South Korea and the international community may begin discussions on possible rewards for North Korea if the reclusive state decides to at least freeze its nuclear program and come to the denuclearization dialogue, South Korean President Moon Jae-in said Tuesday.
"I believe it will not be easy realistically to move on to complete dismantlement of North Korean nukes in the near future, considering recent advances in North Korea's nuclear and missile programs," the president said at a press conference.
"That means it will likely be North Korea first freezing its nuclear program and then moving onto complete dismantlement, and if that happens, I believe we and the international community may discuss what we can do in return," he added.
The South Korean president was attending a regional forum hosted by the Association of Southeast Asian Nations (ASEAN) in Manila. He arrived here Sunday following trips to Indonesia and Vietnam.

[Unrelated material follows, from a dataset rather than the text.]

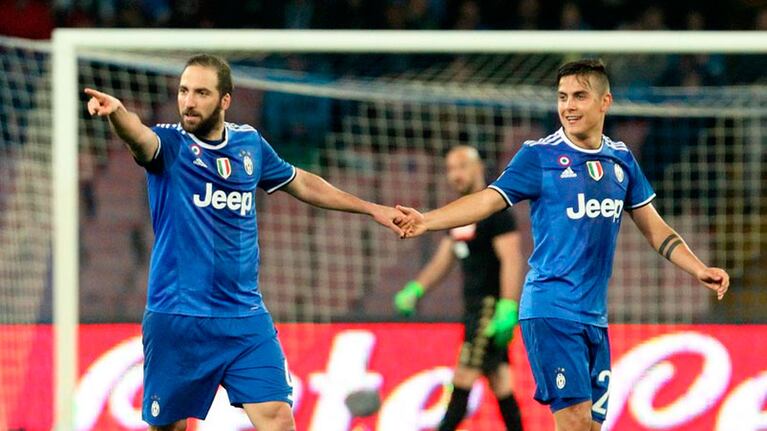 Higuaín y Dybala unidos de la mano. El Pipa descargó su bronca con goles.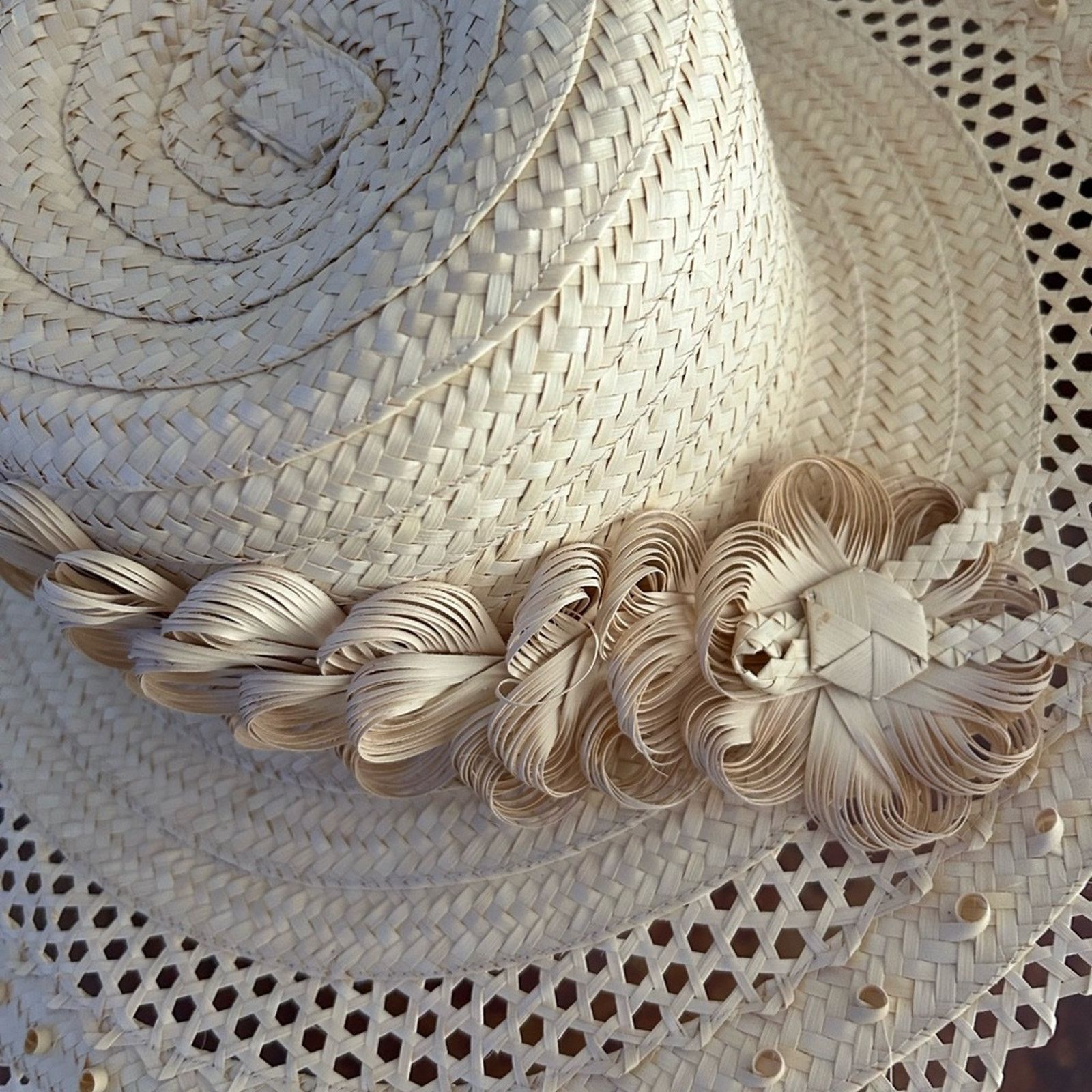 & Other Stories Handmade straw women’s hat with reticulated brim Size ONE SIZE - 5 Thumbnail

The South Korean leader refused to answer when asked whether his country and the United States may consider halting their joint military exercises in South Korea, which have long been accused by Pyongyang as being aimed at attacking and toppling the communist regime.
Still, Moon said anything could be discussed if the North comes to the dialogue table.
"Once we enter the dialogue phase, we may be able to discuss while leaving all possibilities open," he said.
Moon, however, insisted now was still time to focus on keeping maximum pressure and sanctions against the impoverished North.
"I believe now is time to focus on ways to bring North Korea to the path of dialogue, in other words putting pressure and sanctions against North Korea," he told the press conference.
President Moon noted the upcoming Winter Olympic Games to be held in South Korea early next year may provide a chance for the North to emerge from its long isolation.
"Should North Korea take part, I believe the PyeongChang Winter Olympic Games will go beyond being a simple Olympic event to provide a great chance to contribute to peace between the South and North Korea and to peace in the entire Northeast Asian region," he said.
Pyongyang remains silent despite repeated invitations from the South Korean president to take part in the Olympic Games to be held Feb. 9-25.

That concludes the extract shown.